[WHAT YOU NEED TO DO]: Print the lines from the one containing "ODAWA Stars Moons" through the end of the material below, both included, exactly as they appear and without pictures.
::::::::
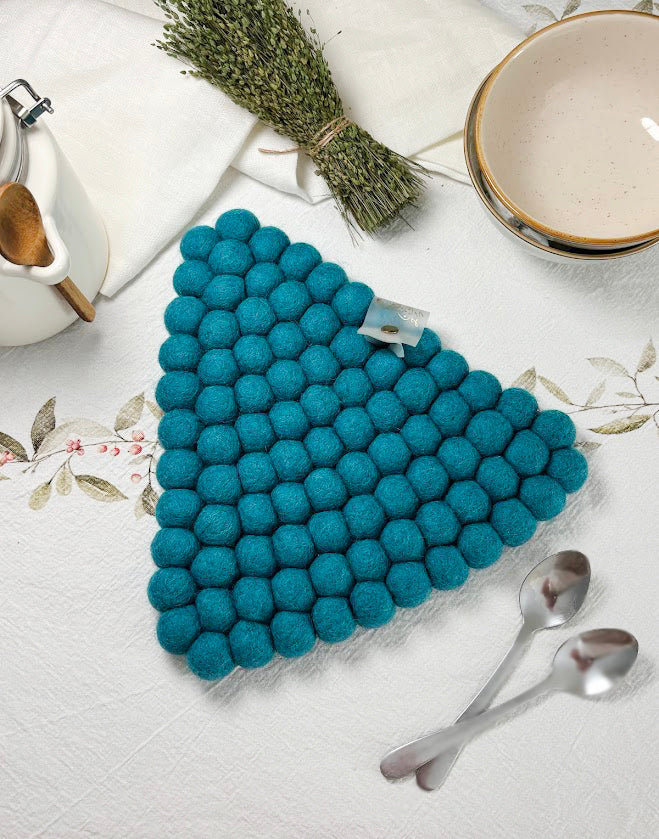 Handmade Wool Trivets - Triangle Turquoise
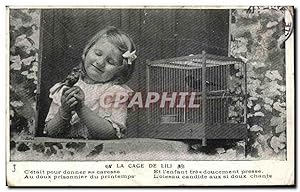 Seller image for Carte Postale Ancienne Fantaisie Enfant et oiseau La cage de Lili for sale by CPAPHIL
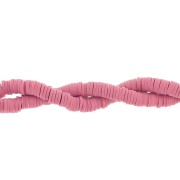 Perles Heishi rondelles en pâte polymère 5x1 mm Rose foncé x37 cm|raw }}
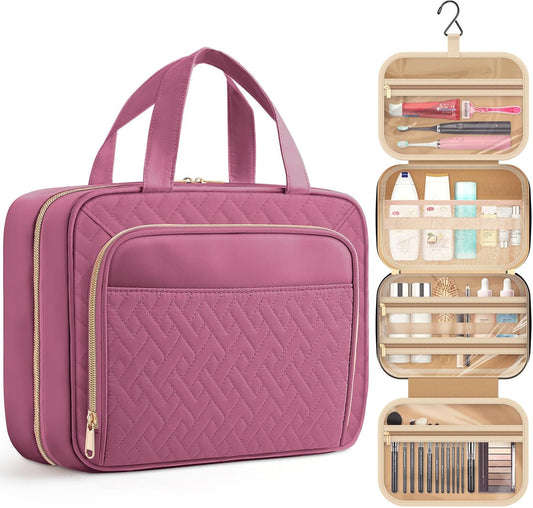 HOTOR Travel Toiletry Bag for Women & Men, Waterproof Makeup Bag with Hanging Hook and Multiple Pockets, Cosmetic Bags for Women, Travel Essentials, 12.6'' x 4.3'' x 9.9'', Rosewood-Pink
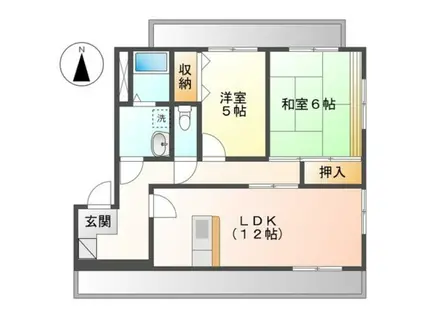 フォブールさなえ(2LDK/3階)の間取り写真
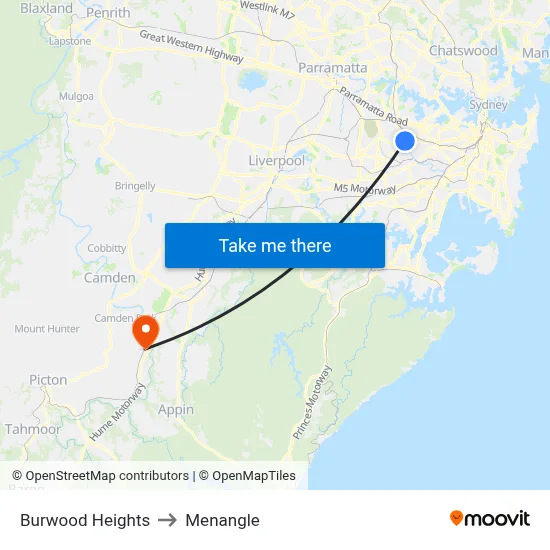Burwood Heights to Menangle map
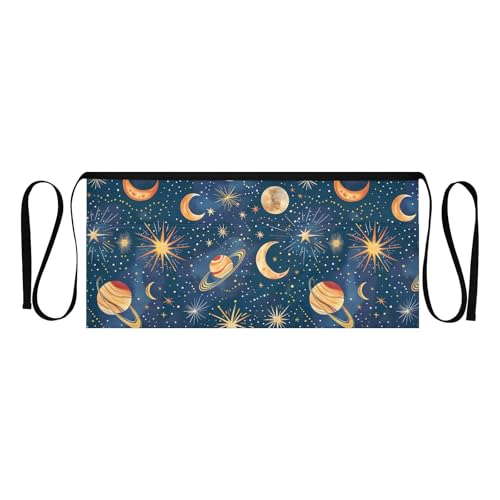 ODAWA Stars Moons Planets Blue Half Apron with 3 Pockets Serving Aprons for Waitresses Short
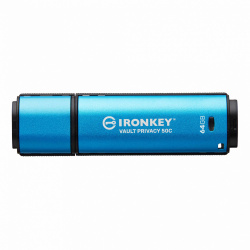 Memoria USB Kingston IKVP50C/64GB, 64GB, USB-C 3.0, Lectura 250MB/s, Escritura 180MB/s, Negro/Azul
::::::::
[TASK RESULT]:
 ODAWA Stars Moons Planets Blue Half Apron with 3 Pockets Serving Aprons for Waitresses Short
 Memoria USB Kingston IKVP50C/64GB, 64GB, USB-C 3.0, Lectura 250MB/s, Escritura 180MB/s, Negro/Azul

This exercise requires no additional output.